Cette mesure, mise en place au départ pour le mois de mars, a été prolongée pour le mois d’avril. TPE et PME ont ainsi la possibilité de reporter leurs charges salariales et patronales dues pour l’échéance du 15 avril, sans majoration ni pénalité, et ainsi appréhender plus facilement la baisse d’activité de leur entreprise.

Quel bilan pour les TPE et PME au mois de mars ?

D’après le ministre des Comptes publics Gérald Darmanin, 507 000 entreprises de moins de 50 salariés ont demandé à reporter leur échéance de paiement des cotisations sociales du mois de mars. Au 15 mars, les TPE et PME ont dû faire leur déclaration, obligatoire comme chaque mois, mais les entreprises n’ont pas été obligées de payer les sommes dues. Au total, cela représente 3,8 milliards d’euros de cotisations qui seront perçues en différé par l’URSSAF.

Des demandes de report d’impôts importantes

Au mois de mars, le gouvernement a aussi reçu près de 40 000 demandes d’entreprise de report d’impôts, représentant un montant total de 2 milliards d’euros. 84% de ces demandes ont reçu une réponse positive.

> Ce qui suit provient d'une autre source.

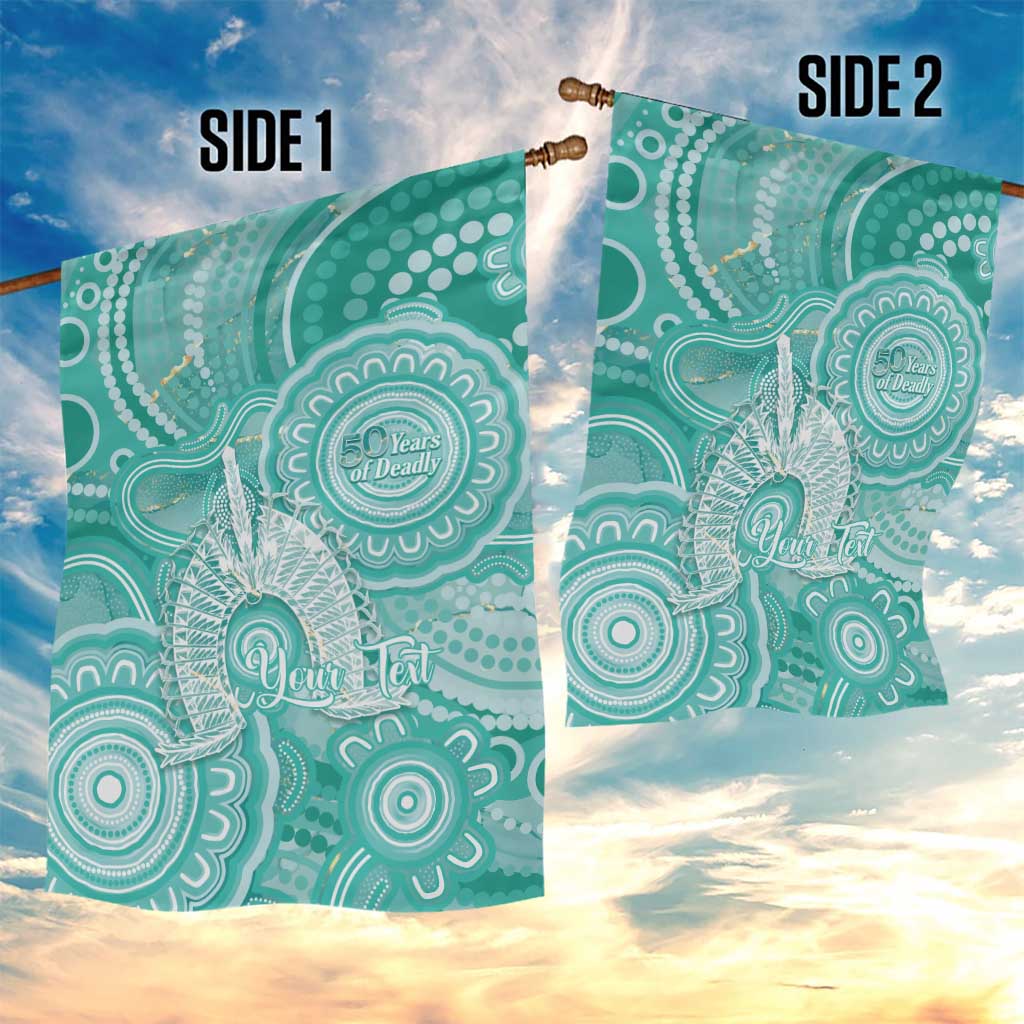 50 Years Deadly NAIDOC Week 2026 Personalised Garden Flag Dhari Cyan Indigenous Art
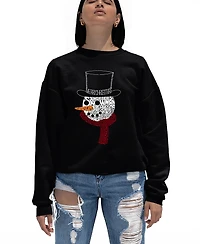 La Pop Art Women's Snowman Face Word Crewneck Sweatshirt
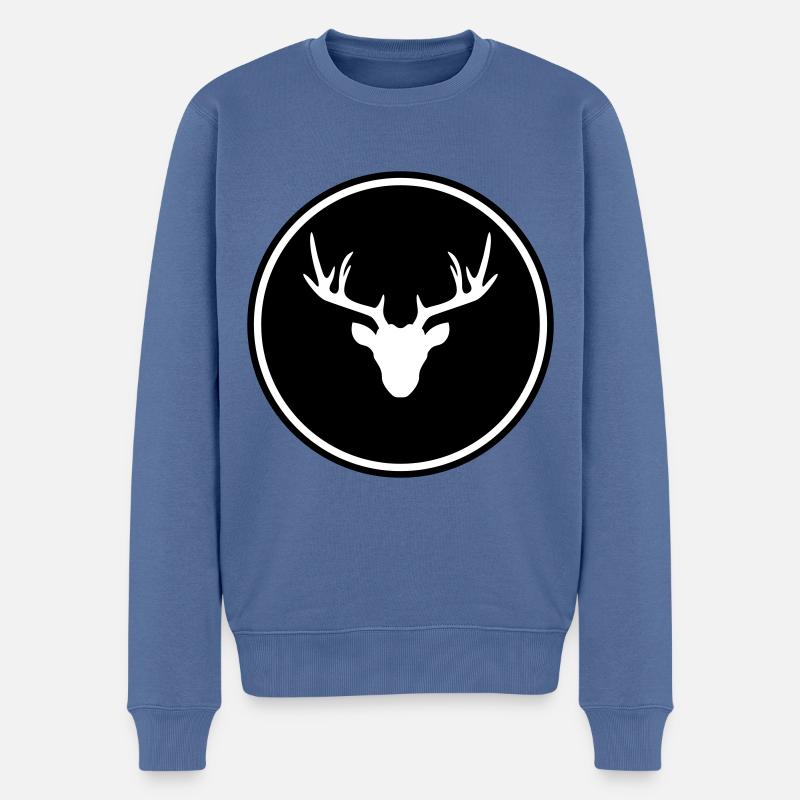 Reh Hirsch icon - Männer Premium Bio Pullover - Taubenblau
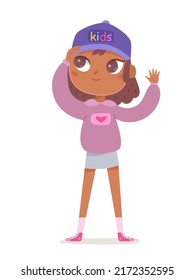 Cute Girl Wearing Cotton Baseball Cap With Kids Word Vector Illustration. Cartoon Isolated Adorable Child With Funny Face, Happy Young Student Standing With Hands Up To Put On Summer Headdress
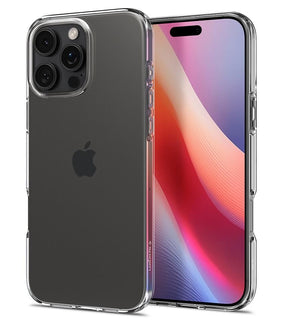 Противоударен Силиконов Калъф за iPhone 16 Pro Max, Spigen Liquid Crystal Case, Прозрачен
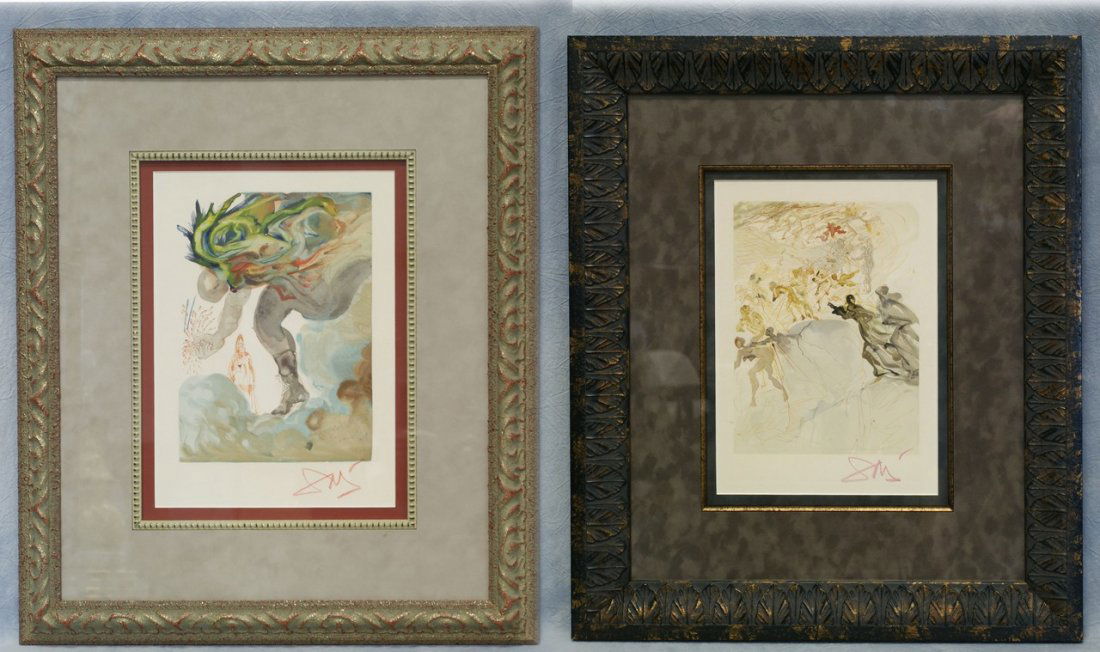 Salvador Dali, (2) wood engravings from The Divin: Salvador Dali, (2) wood engravings from The Divine Comedy, The Giants, Les Geants, and Mounting the Seventh Terrace, Lust, Montee a la septieme cornice: La Luxure, Prestel 1069 and 1097, image size 9"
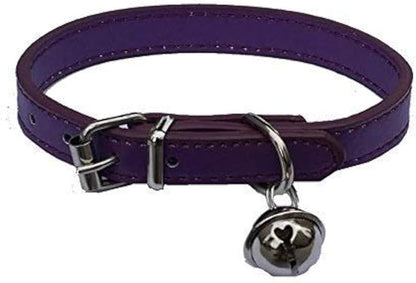 Purple Leather Pet Collars for Cats,Baby Puppy Dog,Adjustable 8"-10.5" Kitten Collar with Bell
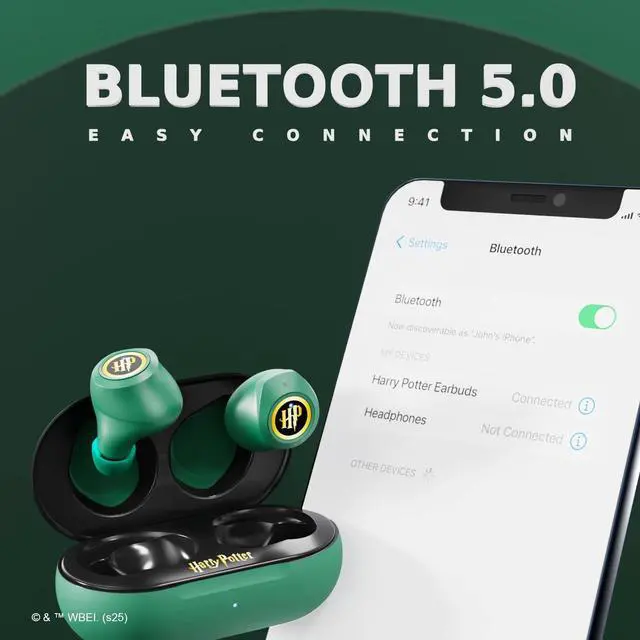 Alt view image 6 of 7 - Harry Potter Slytherin Wireless Bluetooth Earbuds with Charging Case, Built-in Mic, 30 Hr Playtime, Officially Licensed | Harry Potter Gifts for Women, Men, Teens, Kids & All Fans of Slytherin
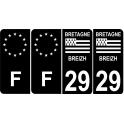 4 x 29 Finistère Bretagne Breizh fond noir sticker autocollant plaque immatriculation auto - F Europe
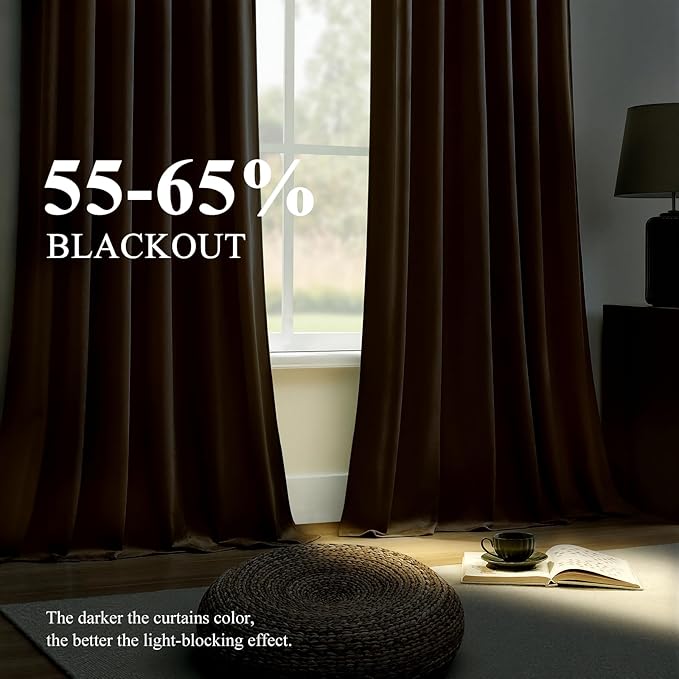 Velvet Curtains 108 Inches Long for Bedroom, Luxury Room Darkening Thermal Insulated Blackout Curtains Luxury Window Drapes for Living Room, Back Tab Rod Pocket, Goldbrown, W52 x L108, 2 Panels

Ces sollicitations viennent en majorité d’entreprises situées dans les zones les plus touchées par la crise du coronavirus, principalement le nord et l’est de la France, l’Île-de-France et la Corse.

Quid des reports de paiement pour les plus grandes entreprises

Le 5 avril, c’était au tour des grandes entreprises de faire leur déclaration. S’il était possible pour elles aussi de reporter leurs paiements, l’État a toutefois fait appel au civisme des employeurs en capacité de payer leurs cotisations, afin de ne pas créer de manque à gagner trop important pour l’URSSAF.

Les cotisations sociales récoltées par l’URSSAF servent, entre autres, à payer les prestations sociales, les arrêts maladie, les retraites, le fonctionnement des hôpitaux… Autant de postes de dépenses indispensables dans la situation de crise actuelle du coronavirus.